Review by Cara Lennon
Since the day Oedipus accidentally banged his mum, tales of prophecy have questioned whether you can alter fate. Foresee a disaster, try to avert the disaster—you plonker, that’s exactly what’s caused the disaster! You can’t cheat fate, you onion.
Dyschronia gives this format a gentle scramble with a protagonist who experiences a pleasurable rush with the foreseen disasters coming to pass. Not in is a post-Dexter, psychopath-as-hero way but as a physically detectable sign that the natural order has been upheld when time catches up with itself.
Samandra is a small girl growing up in a small Aussie town, having prophetic visions of small town tragedies. Accidents, weather events, self-destructive residents.
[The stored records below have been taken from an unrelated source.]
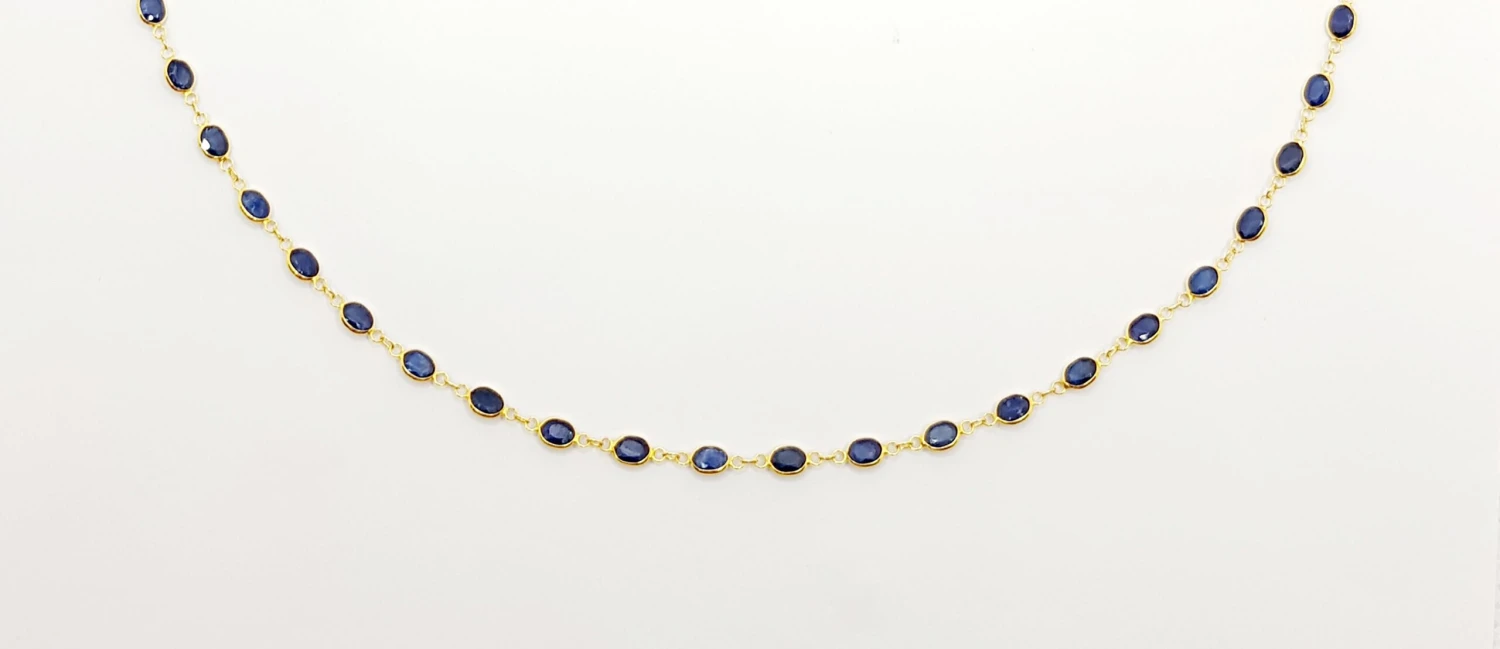 Unknown Blue Sapphire Necklace Set In 18 Karat Gold Settings 6 Unknown Blue Sapphire Necklace Set In 18 Karat Gold Settings – Image 4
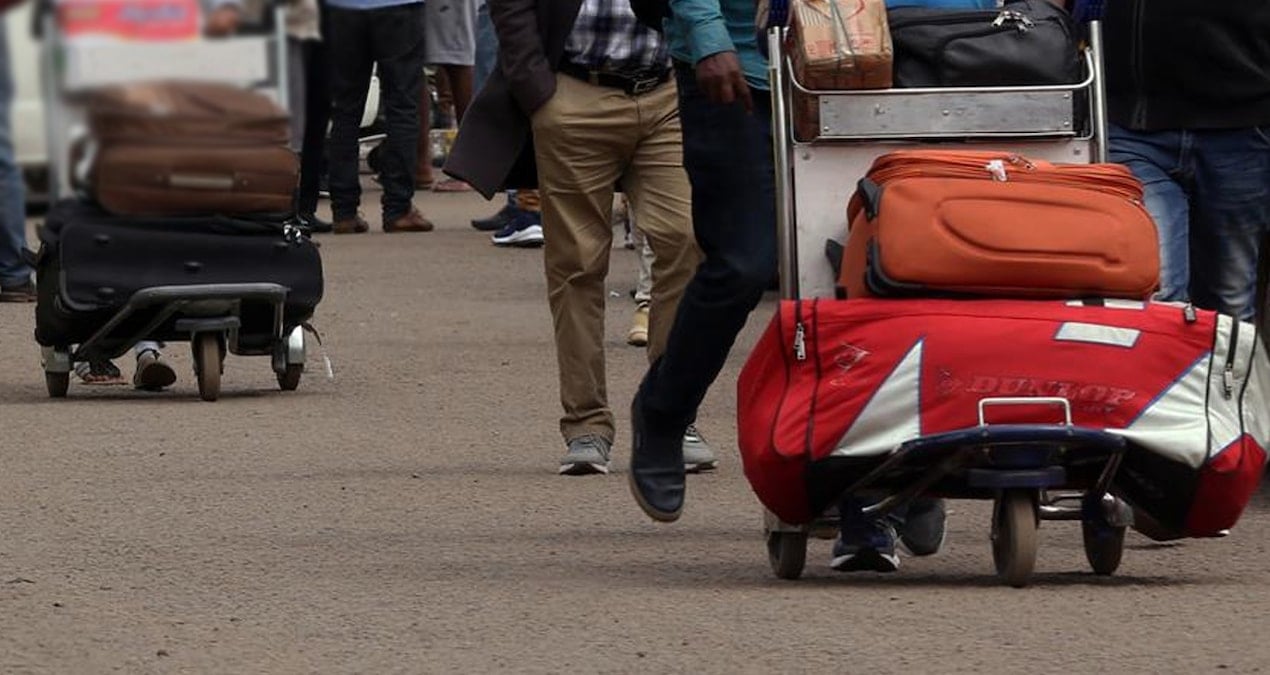 2 cocugunu oldurdu 4 yil bavuldasakladi CmnSbm3F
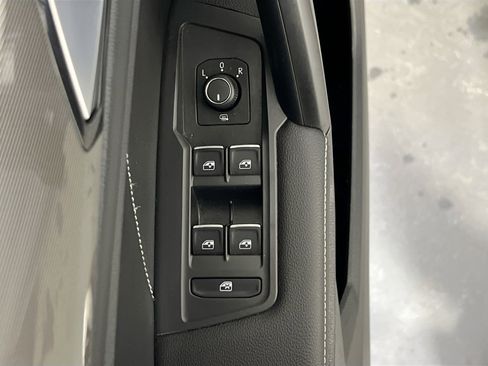 Used 2022 Volkswagen Tiguan SE image 17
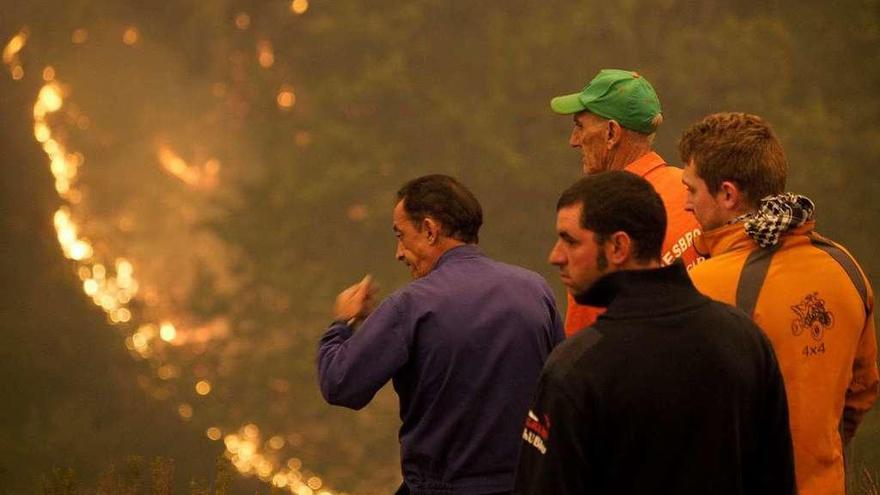 Lugo sufre 30 fuegos, que alcanzan el espacio protegido de Os Ancares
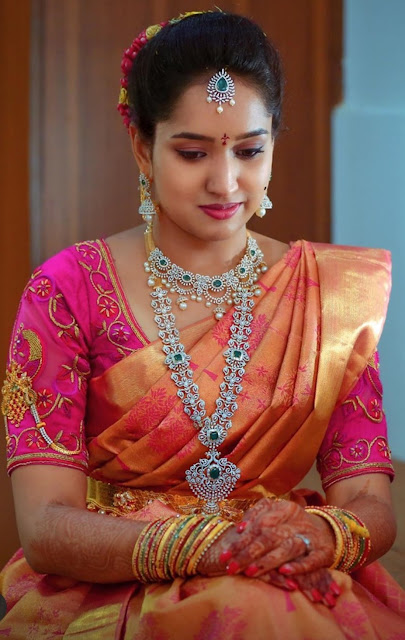 Bride in Jhumka Pattern Diamond Haram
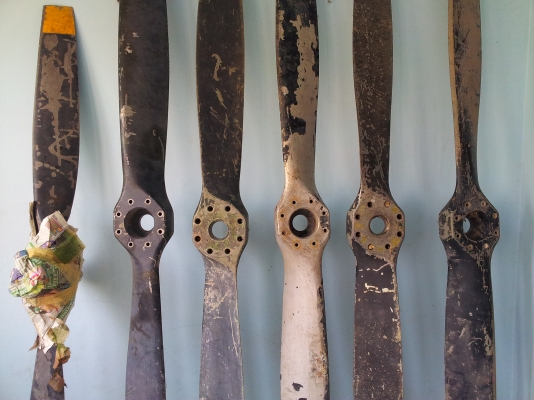 ขายใบพัดเครื่องบิน Bird Dog และ เครื่องยนต์ ของแท้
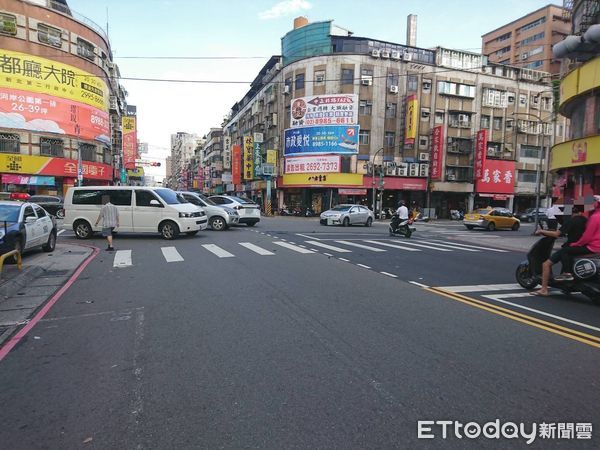 ▲▼特斯拉車頭凹陷 。（圖／記者戴上容翻攝）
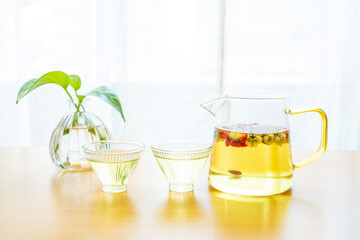 Herbal scented medlar and chrysanthemum tea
Maybe the apocalypse.
Time splitting manifests in Samandra as catastrophic migraines, visions and lingering nausea. Samandra heals when time does which means her health and well-being are dependant on things like someone else’s pet becoming pet-flavoured road smash.
And as for inadvertently causing disaster? Well, the inexorable, inescapable nature of destiny seems like it cramps your free will. But does it? Sam quickly finds it can feel an awful lot like the power to influence the will of other people, as the townsfolk start to plan their lives around what she tells them she sees.
Questions of freewill become subordinate to questions of Sam’s motivations and honesty. Especially when a definitely-above-board financier rolls into town with a sleeve of glossy brochures, an eye for Sam’s mum and a reputation for monetising woe.
Presented as disordered segments in a time loop, Dyschronia feels like sci-fi but reads like literary fiction. The plot is well crafted. Rationing out pieces of the story with mismatched time periods, Mills does an excellent job at maintaining tension without getting carried away with an overwrought or hard to follow time-tangle. On the other hand, the writing style does feel over-worked and stilted in places.
Short, clipped sentences. Repetitive. The rhythm strange. What it achieves, unclear. Concepts repeated, are not expanded. Sentences are brief. There are no contractions. Not now. Not ever.
Alright, maybe this one’s just a matter of personal taste. It’s not sloppy writing. In fact, it’s clear a lot of consideration went into word choices and the fragmented sentences are intended to create a specific effect. But to me the effect of this kind of writing has always been a distraction. It’s like wanting to look at a painting, but you don’t get to take it in as a whole because the artist is over your shoulder, eagerly taking you through it. One. Brush. Stroke. At. A. God. DAMN. Time.
If you like time-centric fiction it’s worth powering through, but if it’s the sort of writing that’s likely to annoy you, there’s no shame in sticking with Dr Who.